Laura Rosal. ¿A veces no nos damos cuenta o es que no queremos quitarnos la venda protectora de los ojos? Estoy en París, es verano y el hombre de la fotografía está literalmente cortando el paso en la acera. Paso por encima de su cuerpo, con cuidado de no enredarme con sus piernas, y me detengo a hacer la fotografía. Miro la imagen en la pantalla de la cámara, me siento y miro la calle; trato de asegurarme de que el mapa de píxeles se asemeja a lo que tengo frente a mis ojos. Los transeúntes que pasan por la acera repiten mi movimiento: alargan una pierna y pasan por encima del hombre como si fuera un pequeño obstáculo más del camino. Nadie lo mira. Nadie me mira. Yo miro sus pies, sus zapatos caros, persigo el eco de sus pasos –clack clack clack- calle abajo. Me incorporo y continúo avanzando. Treinta metros más adelante, alguien introduce las tres cuartas partes de su cuerpo en un contenedor de basura, buscando cualquier cosa. Probablemente encuentre algo de valor, la gente suele deshacerse a diario de pequeños tesoros.

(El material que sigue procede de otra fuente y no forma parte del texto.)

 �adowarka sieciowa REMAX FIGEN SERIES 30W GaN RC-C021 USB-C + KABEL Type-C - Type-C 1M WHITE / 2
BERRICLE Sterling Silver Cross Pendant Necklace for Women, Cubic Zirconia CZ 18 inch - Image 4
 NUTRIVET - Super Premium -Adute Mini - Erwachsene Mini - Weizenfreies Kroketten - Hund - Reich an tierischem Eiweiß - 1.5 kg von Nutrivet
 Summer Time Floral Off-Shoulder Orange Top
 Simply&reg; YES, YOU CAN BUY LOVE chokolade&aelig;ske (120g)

Camino. Me siento en un bar. Alguien se acerca a pedirme dinero para un café. Más tarde, alguien se acerca a pedirme dinero para lo que sea. Sigo caminando durante horas y quizá toda la tarde sea un largo y comprometido etcétera. Un camino lleno de cuerpos que se dejan arrastrar sin mirar en derredor. La senda del perdedor, pienso, como el título de un libro de Bukowski.

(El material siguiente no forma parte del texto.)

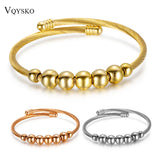 Stainless Steel Cable Wire Cuff Bangle Women Beads Bracelet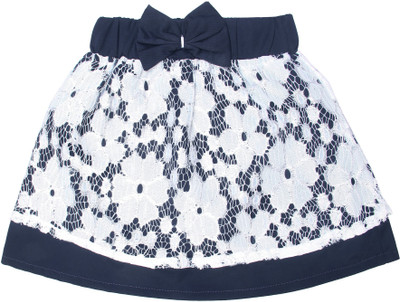 

Magneto Self Design Girls A-line Blue, White Skirt, Dark indigo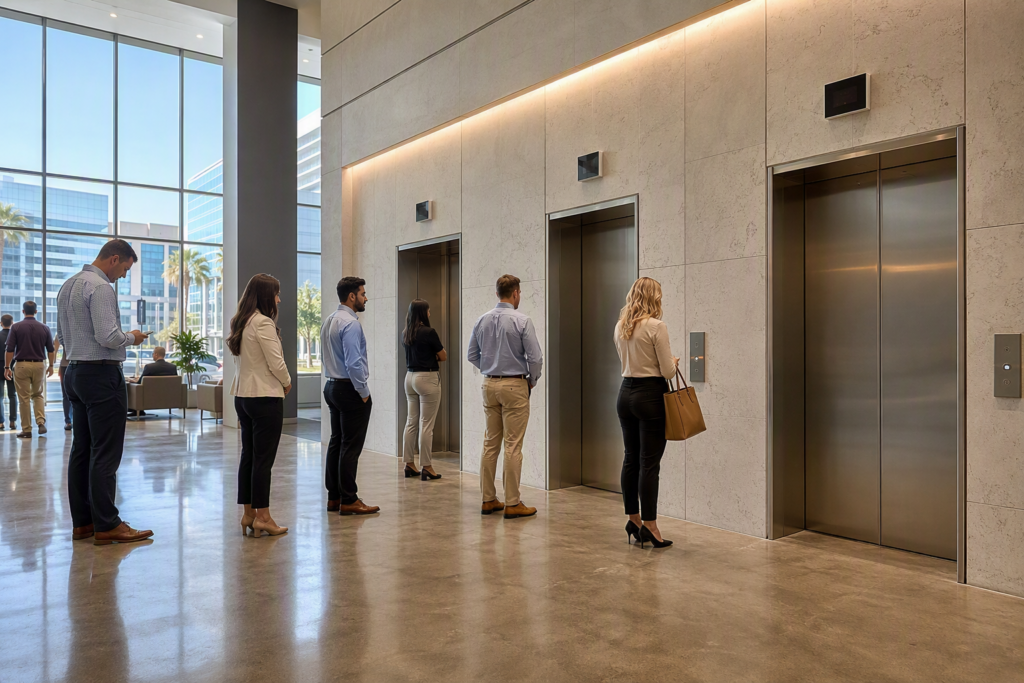 Bank of three elevator doors in a Phoenix AZ commercial office lobby during peak hour, illustrating how many elevators a building needs based on occupant load.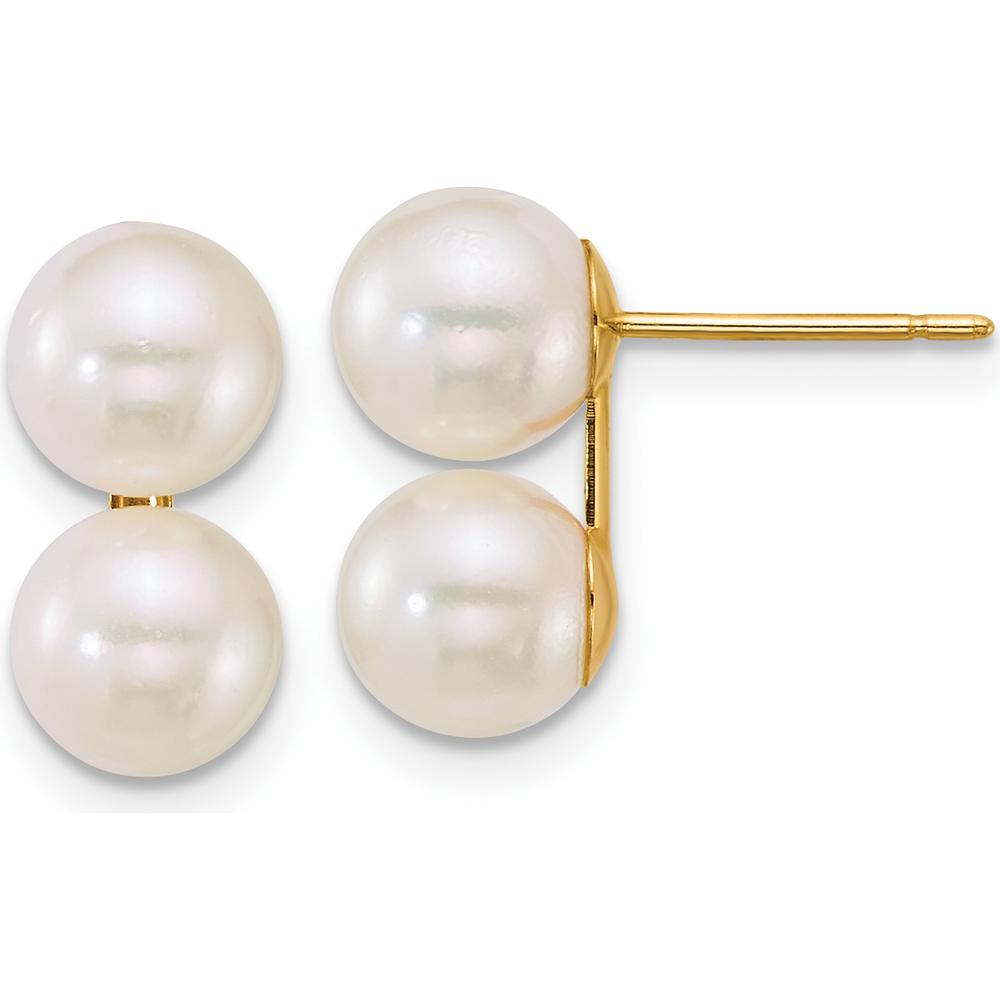 14K Yellow Gold Polished Round Akoya Cultured Pearl Button Earrings - 6-7mm Each by Monteluci Fine Jewelry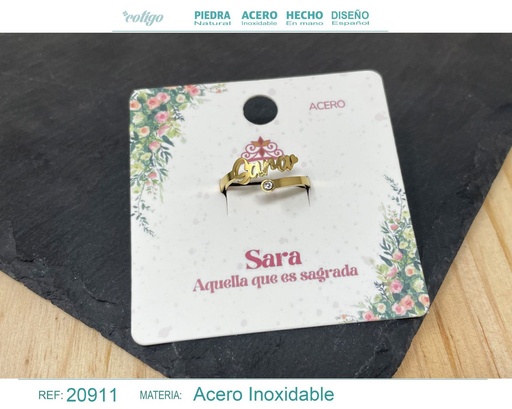 [20911] Anillo de acero dorado "Sara" - Joyas y accesorios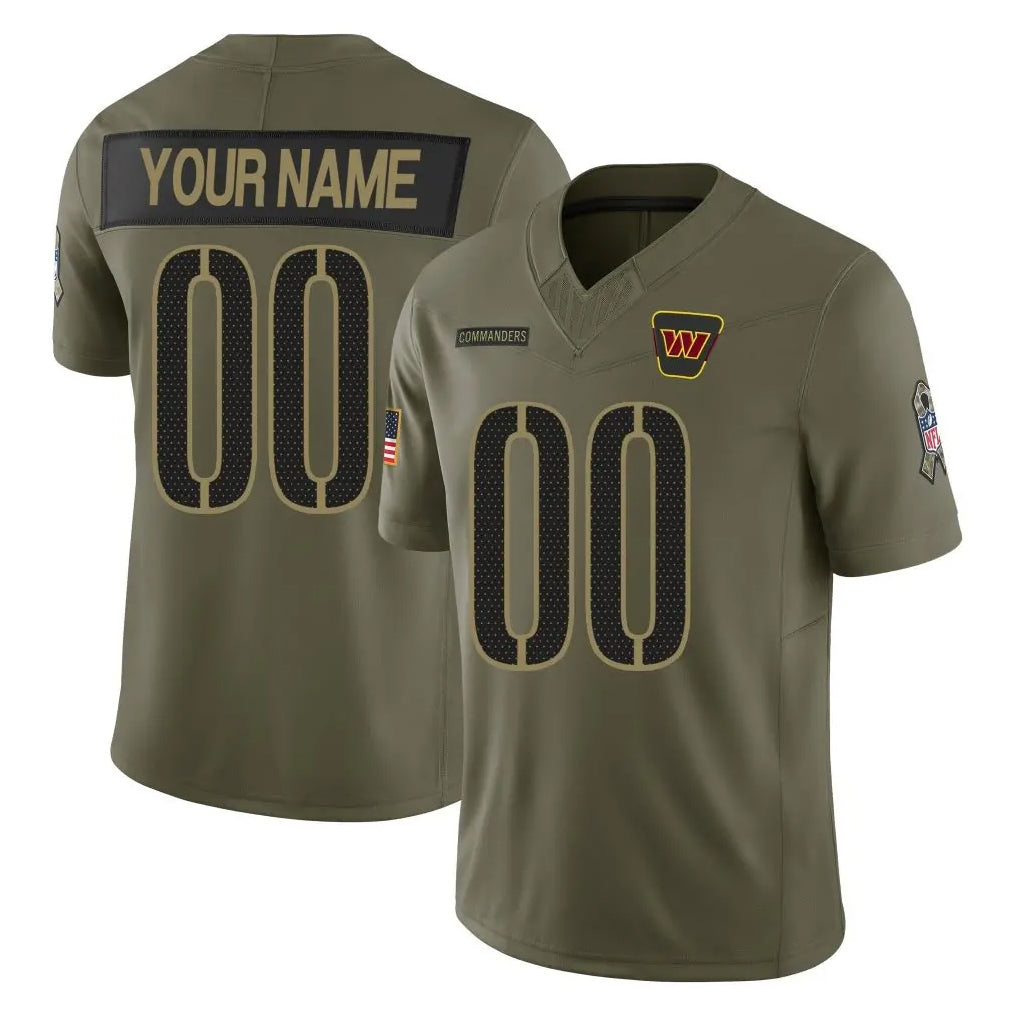 Custom W.Commanders Olive 2025 Salute To Service Limited Home Game Any Name & Numbers Stitched Jerseys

¿Nos hemos anestesiado los sentidos frente a todas estas personas que vemos a diario en la calle? ¿No es increíble que no se nos encoja el estómago cuando vemos a un anciano escudriñando una bolsa de basura tras otra? ¿O cuando vemos a la misma mujer cada noche sobre sus cartones del portal que hace esquina con el nuestro? Si nos acercásemos podríamos ver las grietas de sus pies desnudos. Si esperamos un poco incluso podremos descubrir cómo tiembla en mitad de la nada. ¿Qué se supone que tengo que hacer? Porque el escalofrío de su cuerpo está llegando al mío y no sé si volver a cerrar los ojos, apretando mucho los párpados, hasta que duela, pero que al menos duela menos que todo esto que se derrumba alrededor, como el final de un aria de Stravinsky.